Benchmarking Apache Samza: 1.2 million messages per second on a single node

Tao Feng

August 24, 2015

Apache Samza has been run in production and is used by many LinkedIn services to solve a variety of stream processing scenarios. For example, we use it for application and system monitoring, or to track user behavior for improving feed relevance. The objective of this study was to measure Samza's performance in terms of the message-processing rate for a single machine. This benchmark will help engineers to understand and to optimize performance and provide a basis for establishing a capacity model to run Samza platform as a service.
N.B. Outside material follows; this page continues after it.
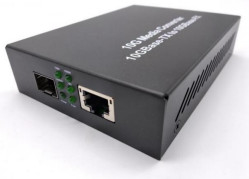 Convertisseur multimédia non géré 10G avec port SFP+ et RJ45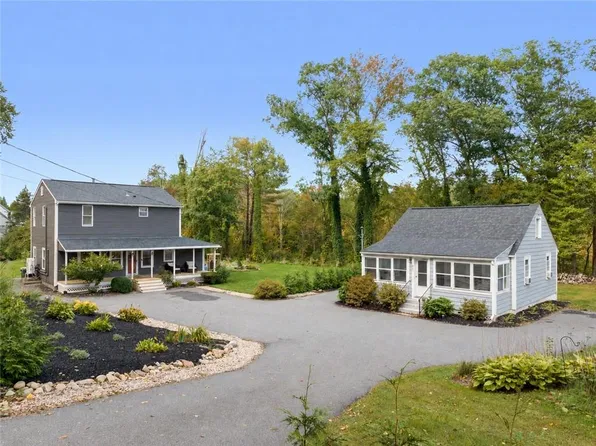 439-441 Farnum Pike, Smithfield, RI 02917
Note: the performance numbers given here are only for reference and by no means a comprehensive performance evaluation of Samza; performance numbers can vary depending on different configurations or different use cases.

Apache Samza Overview

LinkedIn’s Samza engineering team has previously posted about Apache Samza. Samza is a distributed streaming computation processing framework that was originally created at LinkedIn to serve developers near-real time computations. Samza, by default, consumes and produces to Apache Kafka, which LinkedIn uses extensively to drive real-time updates of services.

Samza ships with two types of key-value stores (in-memory and RocksDB) to support stateful processing to buffer message streams. The in-memory store is an internally created Java TreeMap. RocksDB is a persistent key-value store designed and maintained by Facebook for flash storage. To support fault tolerance of local key-value stores, Samza can also use a durable Kafka changelog topic to capture the changes in each key-value store. Replaying the complete Kafka changelog topic allows Samza to restore the key-value store in any other nodes in the cluster. A high-level Samza architecture looks like the following example:

Samza uses a single thread to handle reading and writing messages, flushing metrics, checkpointing, windowing, and so on. The Samza container creates an associated task to process the messages of each input stream topic partition. The Samza container chooses a message from input stream partitions in a round-robin way and passes the message to the related task. If the Samza container uses stateful management, each task creates one partition in the store to buffer messages. If the changelog option is enabled, each task sends the changelog stream to Kafka for durability purposes. Each task can emit messages to output stream topics, depending on the use case.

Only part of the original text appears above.